- **Source records**

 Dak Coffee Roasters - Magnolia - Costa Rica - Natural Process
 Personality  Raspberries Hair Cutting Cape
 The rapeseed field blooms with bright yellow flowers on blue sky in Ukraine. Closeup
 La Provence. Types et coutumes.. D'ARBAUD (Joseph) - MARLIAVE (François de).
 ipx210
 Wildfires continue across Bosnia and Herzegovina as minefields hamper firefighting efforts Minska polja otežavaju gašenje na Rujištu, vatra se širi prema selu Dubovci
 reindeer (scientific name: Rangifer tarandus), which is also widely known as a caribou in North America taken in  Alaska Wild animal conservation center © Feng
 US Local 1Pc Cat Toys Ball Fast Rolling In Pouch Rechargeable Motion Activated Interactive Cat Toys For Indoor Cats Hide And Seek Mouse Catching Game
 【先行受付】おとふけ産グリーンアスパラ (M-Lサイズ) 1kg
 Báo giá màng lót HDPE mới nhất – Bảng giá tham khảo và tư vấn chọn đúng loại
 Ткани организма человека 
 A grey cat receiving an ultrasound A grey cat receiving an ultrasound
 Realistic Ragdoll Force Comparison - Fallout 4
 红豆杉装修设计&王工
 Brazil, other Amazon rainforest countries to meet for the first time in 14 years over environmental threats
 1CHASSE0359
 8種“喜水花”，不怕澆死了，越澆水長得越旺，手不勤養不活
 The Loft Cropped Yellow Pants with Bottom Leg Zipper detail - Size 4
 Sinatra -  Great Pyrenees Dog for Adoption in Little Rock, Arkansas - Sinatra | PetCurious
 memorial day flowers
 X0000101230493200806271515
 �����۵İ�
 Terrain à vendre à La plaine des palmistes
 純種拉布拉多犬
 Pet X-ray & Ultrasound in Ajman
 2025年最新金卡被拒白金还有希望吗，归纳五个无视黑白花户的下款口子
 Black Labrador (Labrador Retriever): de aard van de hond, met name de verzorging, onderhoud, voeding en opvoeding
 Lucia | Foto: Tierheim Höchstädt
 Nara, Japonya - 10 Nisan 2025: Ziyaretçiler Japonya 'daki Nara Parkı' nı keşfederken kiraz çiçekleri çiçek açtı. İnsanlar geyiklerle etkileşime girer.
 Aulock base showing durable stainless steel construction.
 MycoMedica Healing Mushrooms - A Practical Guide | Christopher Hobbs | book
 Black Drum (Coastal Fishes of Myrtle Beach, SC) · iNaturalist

- **What is needed**
From the entries, report each line that includes the word "with".

- **Task output**
 The rapeseed field blooms with bright yellow flowers on blue sky in Ukraine. Closeup
 The Loft Cropped Yellow Pants with Bottom Leg Zipper detail - Size 4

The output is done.